Currently we have a service creating XML pages based on various get parameters. As the number of parameters has increased, and number of different combinations has also increasing meaning the hit rate in our varnish cache has fell. We've increased the TTL, and hence the hit rate has increased but I'm toying with the following thought:
I just came across Edge Side Includes and am thinking.. If I produce pages of XML containing 50 elements each time, could I generate a page with 50 ESI(s) which varnish will then combine into one document?
Why 50 ESI elements you ask? Because each XML element itself is very easily cached by one URL, but the combination of the filters cause a multitude of different complete XML documents to be generated.
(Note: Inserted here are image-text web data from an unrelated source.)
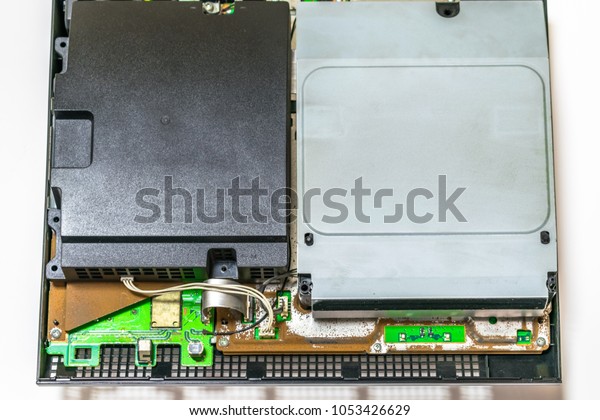 console cleaning service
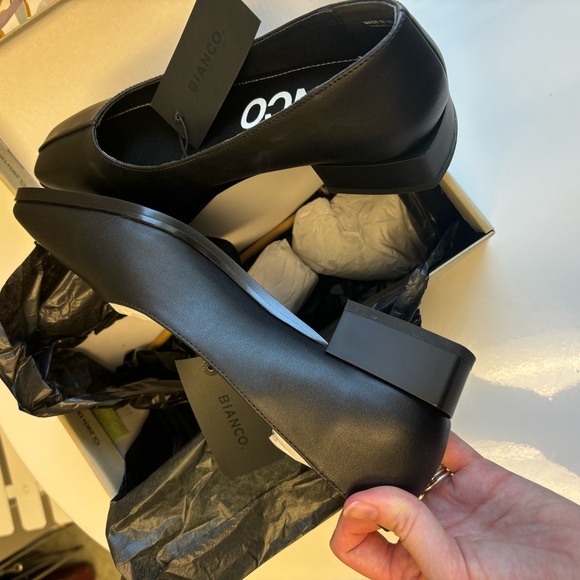 Black flats - Picture 6 of 8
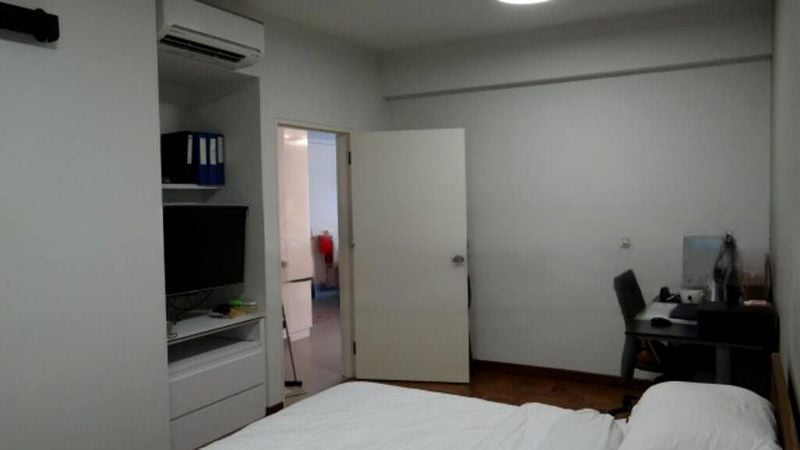 YONG SIAK COURT 9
So, even if one request filters out the first 10 XML elements (because they don't confirm to the get params), because ESIs are used, each element will be fetched from the cache.
How heavy would this be on the server? Does it make sense to do this? Is ESI very expensive in which case it wouldn't make sense.
Update
First off, we have never run out of memory and Nuke is zero. We currently have a hit/miss ration of 0,4 with a ttl of 4 hours, which is terrible in my opinion... due to all of these combinations (countries, locales, etc). Worse still, tomcat has gone to 100% utilization and hung while varnish stays at a study 1-3%. My gut feeling says that having varnish stitch the ESI, and remember the subdocuments will protect tomcat even more and increase our capacity. We've never had to Nuke items strangely which means with the ~ 1GB cache it never fills before cache entries expire. I'm sure if we cache each sub-document, we may reach the memory limit and start nuking items... but doesn't varnish use some kind of least recently used algorithm?
It's generally not the best decision to blanket cache collections for which there are tons of different combinations of queries. Chances are, certain query combinations are accessed much more often than others (for instance combinations for which there's lots of SEO juice, or combinations that you distribute/share links to/have links to on your site, or are just more relevant to your users), so those should be selectively cached. The problem with just caching everything for a long ttl is if the url space is big, is that you may run out of memory and nuke resources that are frequently accessed in favor of caching things that are infrequently accessed.
There is no limit of ESI includes per page, and the approach you describe is a good strategy assuming the hit rate on the xml subdocuments will be very high. Cache hits in varnish are very lightweight so even if a page is a composite of 50 cache hits I think it will perform quite well compared to no caching. If the hit rate on esi included subdocuments is low, and there are tons of them on each page, it will result in worse performance than just having the backend rendering the subdocuments each time. I would definitely recommend doing some load testing on the following scenarios so that you can make an educated decision:
This will give a nice picture of how performance will degrade as your hit rate goes down (it may not be linear, hence doing 0%, 50%, 100%) and also tell you how much caching can improve the performance in theory. To me it seems likely that the best solution is some combination of esi:including fragments in a "working set" of regularly accessed subdocuments and rendering the subdocuments directly on the backend if they are not in the working set.